Remember Pastor Martin Niemoller's warning!


----------



## smartie2000 (Oct 21, 2009)

I can't believe they prosecuted him to two years. They are just potted plants! Give him a break. He is insignificant compared to the results of habitat destruction.


----------



## parvi_17 (Oct 21, 2009)

It's things like this that make me feel lucky to be a Canadian.


----------



## lipelgas (Oct 21, 2009)

reading this doesn't make me happy at all. even not because it happened so far. "If they want to get you, they're going to get you." - is this what we want from law?


----------



## biothanasis (Oct 22, 2009)

Should the laws be made to protect the citizents or make them feel fear and deprived of freedom?? Should the laws be based on logic or to convey the "need" for power of some people?? If we understand the reason why the laws were made, then we might understand things like this Gcroz mentioned!!! Although there will be no excuse for it!!!


----------



## bio_lover (Oct 22, 2009)

Why can't they use discretion before passing down the sentence?


----------



## Gcroz (Oct 22, 2009)

Thanks to all those who have commented. The situation is, in my opinion, out of control and contrary to the very nature of our Constitution. I find it interesting that there are no members from the USA who have commented yet as this type of action is becoming more and more common, and will continue to do so without concerted opposition. 

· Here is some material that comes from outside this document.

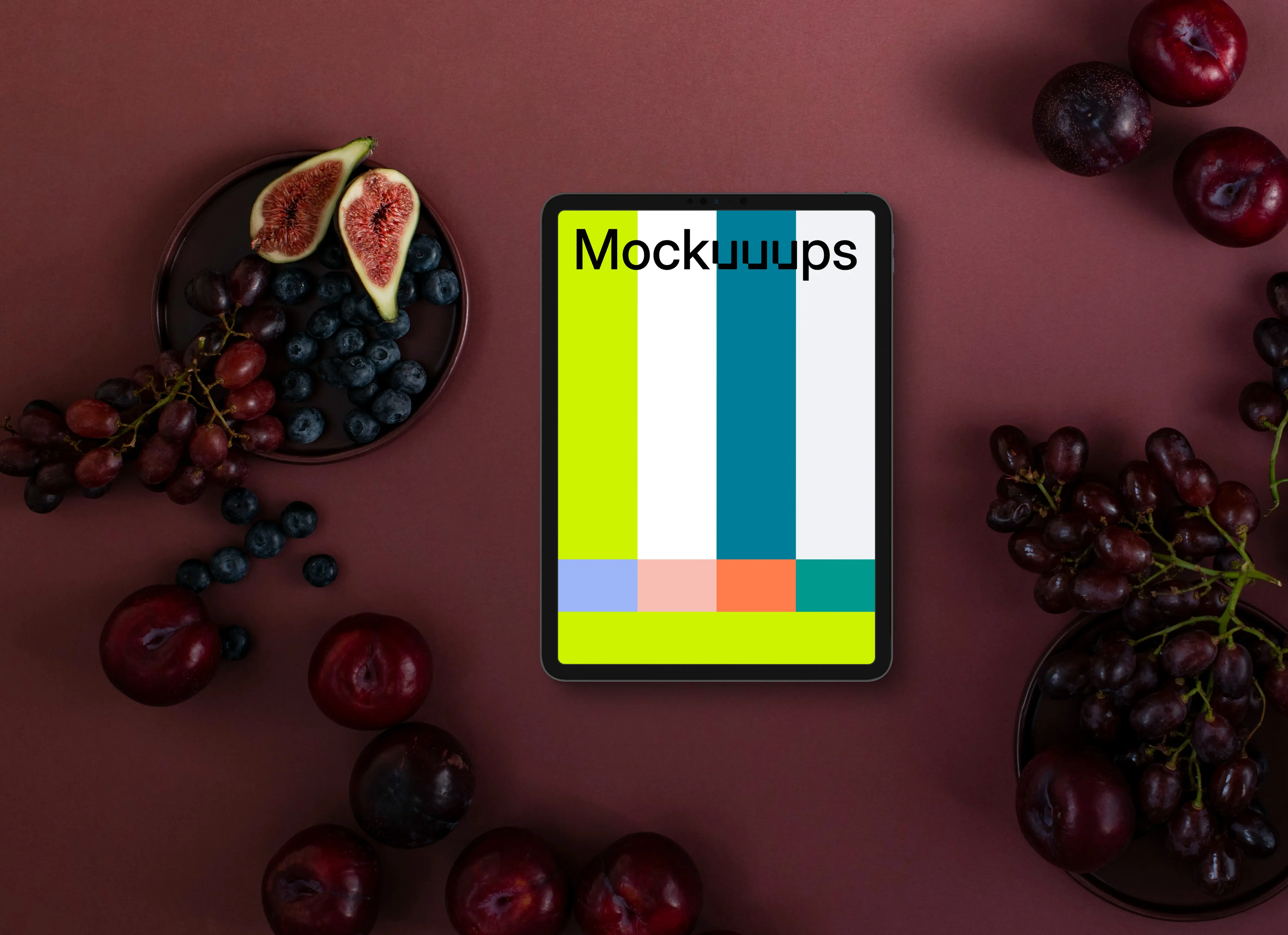 Tablet mockup on vibrant Viva Magenta backdrop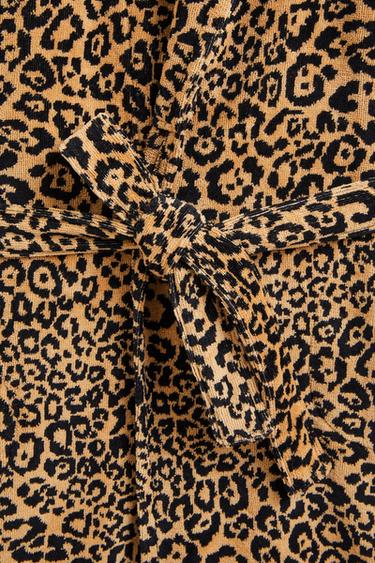 Zara ANIMAL PRINT JACQUARD BATHROBE (400 GXM²) - Leopard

I'm curious about other opinions out there.


----------



## slippertalker (Oct 22, 2009)

The George Norris situation is nothing new as most of you know. His sentence is long over and he has suffered greatly from the stupidity of our laws regarding CITES and his own personality. The recent article from the Hertige Foundation and the Washington Times is just hashing over old territory. 

He's not an innocent victim, by any means, but the government was over the top. 

Here's a nice discussion of the article:

http://www.popehat.com/2009/10/08/l...-rampant-criminalization-of-innocent-conduct/


----------



## cnycharles (Oct 22, 2009)

you may not get many, seeing that orchid forums are very public and last virtually forever... in some place or another. things will likely get worse, and less constitutional, because for one of the reasons is that most of the people who are in offices or unelected positions don't know anything about the constitution and don't want to, because it has 'rules' that would tell them they can't do whatever they want. our society has created a population that wants whatever it can get, right now if not sooner. everything is done all for the love of quick cash, and who cares about tomorrow... 
people talk about doing something to stop this; if you don't have lots of money (power) nobody is going to listen or pay attention to you. government has been co-opted by those with lots of money and voting clout. people who could be good elected officials or otherwise often have no interest in getting slimy or they know that the deck is stacked against them, so they don't bother. ... and a so-called revolution would end as fast as someone's cable tv or phone service got cut off; they wouldn't know how to deal without their technology. plus, (some humor here) today's revolutionaries would probably post their 'battle strategy' on twitter and get caught beforehand! lol
best bet is to be somewhere else


----------



## Gcroz (Oct 22, 2009)

Amen on the Twitter comment. I don't mean to incite anything that would be considered dangerous to anyone. However old the news is, it is relevant as it shows that it is a problem unrelated to what party is in power. If change is ever to come, lively debate, is necessary. 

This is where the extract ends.